Greece expects to conclude difficult debt talks with private creditors within days and negotiations with the EU and the IMF on a new bailout deal by the middle of next week, Prime Minister Lucas Papademos told Reuters on Friday.
Speaking at his neo-classical office shortly before resuming talks with bankers on a bond swap deal that is key to saving the euro zone member from bankruptcy, Papademos said: Greece will not default.
We made significant progress over the last few weeks and in the last few days in particular. We are trying to conclude the discussions as quickly as possible. I am quite optimistic an agreement will be reached in the coming days, Papademos said.
The prime minister, who leads an emergency coalition government tasked with steering Greece out of its worst economic crisis in decades, spoke to Reuters minutes before bankers' chief negotiator Charles Dallara swept up to his mansion in his limousine for a new round of talks.
Papademos was also upbeat about parallel negotiations with the so-called troika of the European Union, International Monetary Fund and European Central Bank, saying agreement was expected soon on the reforms they are demanding in exchange for a new 130-billion euro aid package Greece needs to stay afloat.
The aim is to complete the discussion with the troika by the middle of next week at the latest. I hope sooner rather than later, he said.
The former central banker said Greece had made progress on both fiscal and structural reforms with results already emerging.
Much more has been achieved than sometimes appears in public. There are some slippages in the implementation of the fiscal adjustment programme and the reforms. But internal devaluation is already taking place. We expect some modest growth to appear during 2013.
Papademos said the budget deficit would be about 9.5 percent of GDP in 2011, from 10.6 percent in 2010. A worse than expected recession has made it hard for Greece to meet targets agreed with lenders, despite harsh salary cuts and tax hikes.
The troika has criticised the slow pace of Greek reforms and privatisations. Lenders have warned the second bailout will hinge on Greece's proven commitment to the programme.
The soft-spoken economist, whose polite demeanour was a sharp contrast to the brash style of many Greek politicians, said he appreciated the sacrifices the population was making.
We fully understand that the Greek people are not happy with current economic conditions and are concerned about the prospects for the economy, he said.
I believe the majority of the Greek people recognise the need for addressing our fiscal problems. I believe they realise that other adjustments are necessary in order to restore conditions for sustained growth.

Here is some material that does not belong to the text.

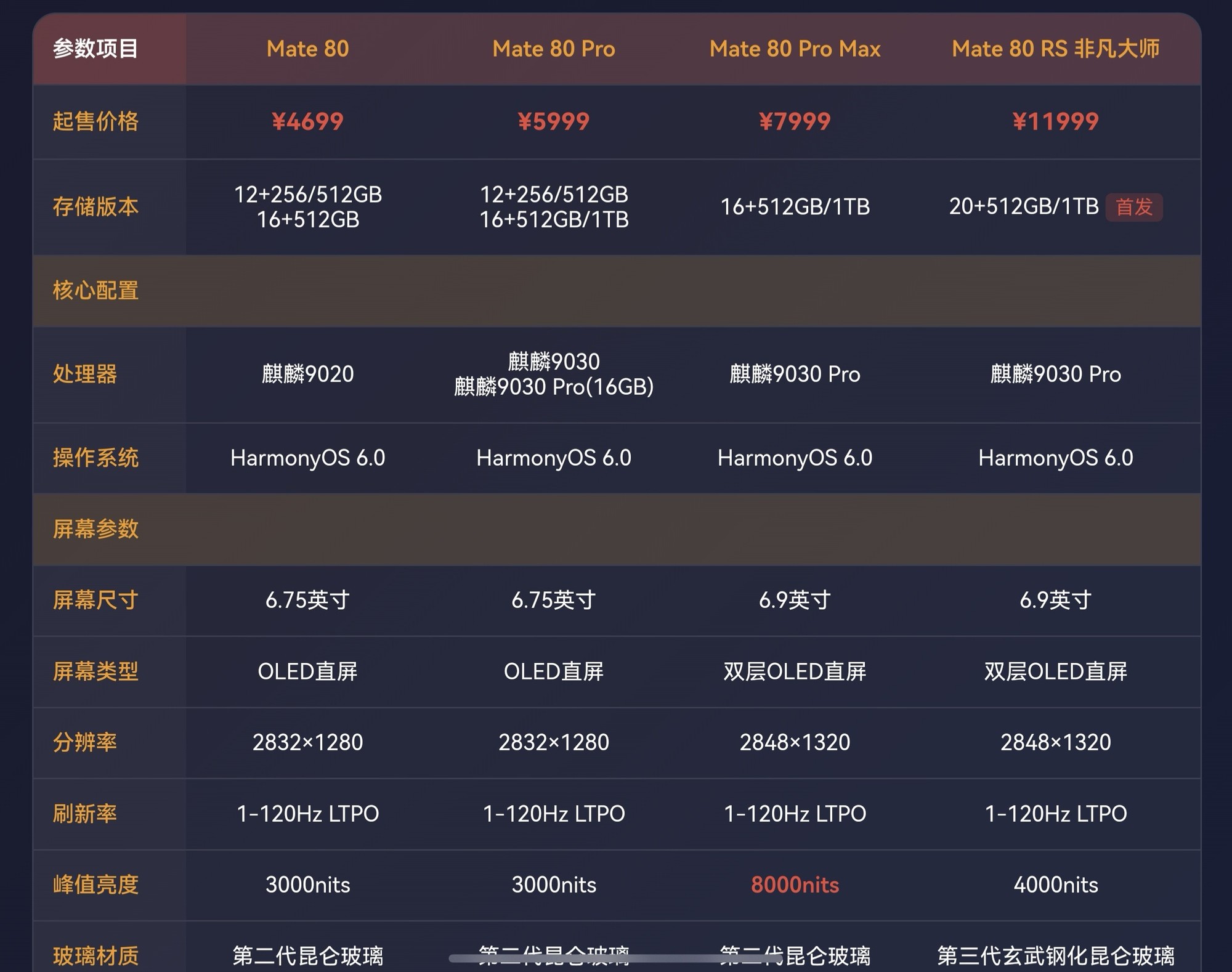 小艺Claw体验上手:部署门槛低,skill丰富,干啥都能自动化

Scores of riot police cordoned off streets around his office during the interview, as hundreds of leftist protesters waved fists at parliament, chanting IMF get out.
The demonstration was smaller than previous, often violent, protests against the previous socialist government of George Papandreou, who was forced to step down in November.
Papademos's coalition is supported by the three main parties in parliament, ranging from socialists to the far-right, who have agreed an uneasy truce for a few months to save Greece from
default and exit from the euro zone.
Asked why he left a tranquil academic career for the Herculean task of leading Greece at such a difficult time, Papademos said: I had to contribute to the country's efforts to overcome the crisis.
Did he have any regrets? Once you make the decision, you don't look back, he replied with a wry smile.